SparseCTR is a CTR prediction framework designed for efficient and effective modeling of long-term user behaviors in large-scale industrial recommender systems. It addresses the prohibitive computational complexity associated with conventional full self-attention architectures when applied to long user behavior sequences, while capturing domain-specific personalization and temporal dynamics.
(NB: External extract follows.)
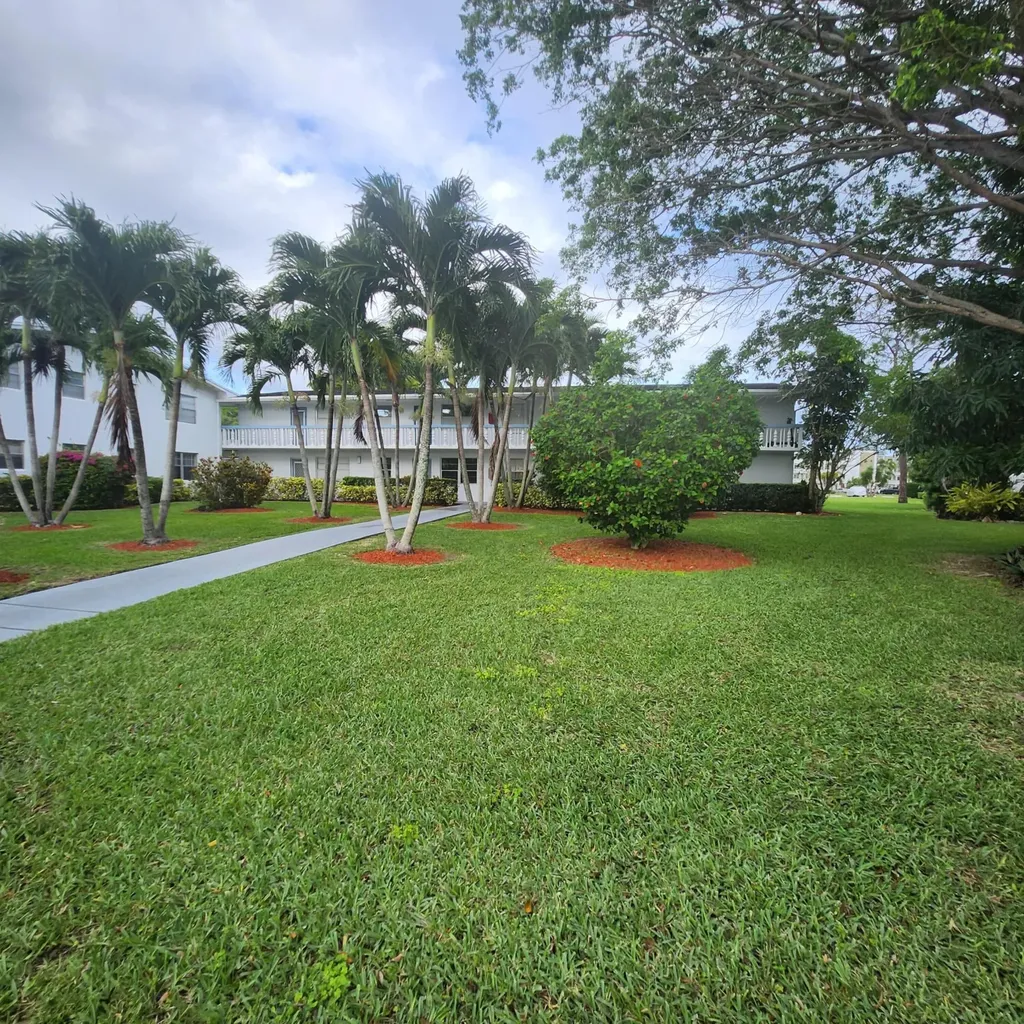 643 Durham W Deerfield Beach FL 33442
SparseCTR introduces a personalized time-aware chunking algorithm combined with a three-branch sparse self-attention module and head-wise composite relative temporal encoding, achieving improved accuracy and computational efficiency across several industry datasets (Lai et al., 25 Jan 2026).

1. Model Architecture

The architecture of SparseCTR consists of an input stage, multiple stacked SparseBlock layers, and a prediction layer.

Input Representation:

• For each user, profile features $U = \{u_1, …, u_{|U|}\}$, historical behaviors $B = \{b_1, …, b_{|B|}\}$ (with item embeddings and timestamps), and candidate items $C = \{c_1, …, c_{|C|}\}$ are collected.
• All are concatenated into a mixed sequence $$S = [b_1, …, b_{|B|}, c_1, …, c_{|C|}] \in \mathbb{R}^{n \times d}$$, $n = |B| + |C|$, and profile features are embedded into $e_U \in \mathbb{R}^{|U| d}$.
• A composite mask $M$ ensures causality (position $i$ only attends to $j < i$) and candidate isolation (candidates do not attend to each other).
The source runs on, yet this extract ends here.